During his captivity, Fr Sinnott was forced to hike through dense jungle, and for some time he was held in swamplands. The guards fed him white bread spread with mayonnaise along with crackers and rice. The priest spent his time napping, talking and praying.

“The days were long so there was plenty of time to pray,” he says. “But I found it difficult to pray, strangely enough, and I was annoyed with the Lord at the beginning because I thought that now at least He could give me a sense of His closeness and a sense of devotion. But it was just an awful effort to pray.

“A calm and peace eventually came, along with a sense that I could leave it in the hands of the Lord and take it day by day. I decided to just let what was going to happen happen.”

More than a week into his ordeal, rumours began to spread that Fr Sinnott was dead. This speculation stemmed largely from the fact that he did not have access to the daily medication he has taken since undergoing heart surgery four years ago. The kidnappers decided to make a video to show that the priest was alive. Fr Sinnott agreed to issue an appeal for help while holding a copy of a newspaper dated October 22nd, 11 days after he was seized. But he refused to concede to other demands.

“They wanted me to say that I was very poorly, that I had no medicine and I was very weak in the video – which I wouldn’t do,” he says. “They also wanted me to put in a special appeal to my relatives to pay a ransom, which I also refused to do. I told them I wouldn’t put a guilt trip on my family.”

But Fr Sinnott is keen to stress how well he was treated in general. “Apart from the lectures, they couldn’t have been nicer or kinder to me, given the difficult circumstances we were in. My chief guard said to me at one stage that I was like his father and he was my son,” he recalls. “The only sour note was at the very end. We had made a pact that when my chief guard brought me to freedom, I would give him my watch. But when we were pulling in to land on the day I was released, he roughly swiped the watch off my hand and then pushed me out of the boat.”

Fr Sinnott has witnessed much political turmoil during the decades he has spent in the Philippines, particularly during the grim years of the Marcos regime. “It was very distressing,” he says of a time when several parishioners were killed and their mild-mannered Irish priest was threatened and branded a communist after he condemned the violence. “You had this feeling of utter powerlessness and helplessness. All you could do was to stand by the people. An awful lot of innocent people were being killed – the army and the paramilitary forces could kill with perfect impunity. The poor people caught in the middle were trying to walk a very thin line.

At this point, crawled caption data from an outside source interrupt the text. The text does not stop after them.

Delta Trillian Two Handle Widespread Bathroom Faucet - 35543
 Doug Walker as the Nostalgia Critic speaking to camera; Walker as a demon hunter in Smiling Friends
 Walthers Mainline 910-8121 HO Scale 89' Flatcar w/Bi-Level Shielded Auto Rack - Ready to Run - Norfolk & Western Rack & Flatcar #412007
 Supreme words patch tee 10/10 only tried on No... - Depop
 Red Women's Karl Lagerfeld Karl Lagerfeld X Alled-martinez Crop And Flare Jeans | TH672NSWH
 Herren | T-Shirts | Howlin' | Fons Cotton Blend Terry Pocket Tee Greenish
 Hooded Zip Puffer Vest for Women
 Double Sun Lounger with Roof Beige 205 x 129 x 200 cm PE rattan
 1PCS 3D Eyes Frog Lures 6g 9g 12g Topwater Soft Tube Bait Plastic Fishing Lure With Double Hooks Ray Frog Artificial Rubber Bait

Any priest that wasn’t named as a communist was hardly doing his duty. If you said it was unjust to kill, you were a communist. If you questioned the status quo in any way whatsoever, you were a sympathiser and a communist.”

FR SINNOTT BECOMES animated when discussing his work at the school for children with special needs he founded 12 years ago. He hopes that the publicity surrounding his kidnapping and release will eventually subside so that he can get on with his work there and with an inter-faith initiative that brings together Muslim and Christian clergy. The Mindanao authorities have insisted that two armed guards are posted outside his home from now on, with another accompanying him at all times.

“I hope that will gradually fade out because I could not see myself continuing my work with an armed guard alongside me. That seems a contradiction in terms,” says the man known to locals as Fr Mick.

This week negotiations between Manila and the MILF appeared to gain momentum, with Malaysian interlocutors talking of a deal being struck by next April. Like many in the region, Fr Sinnott remains skeptical. “You would hope and pray that this situation can be resolved, but realistically it’s difficult to see how that can happen... When I heard the ideological lectures from my guards about their children and grandchildren fighting until they achieve independence, it gave me a sense of foreboding and made me wonder what hope do we have of peace in Mindanao.”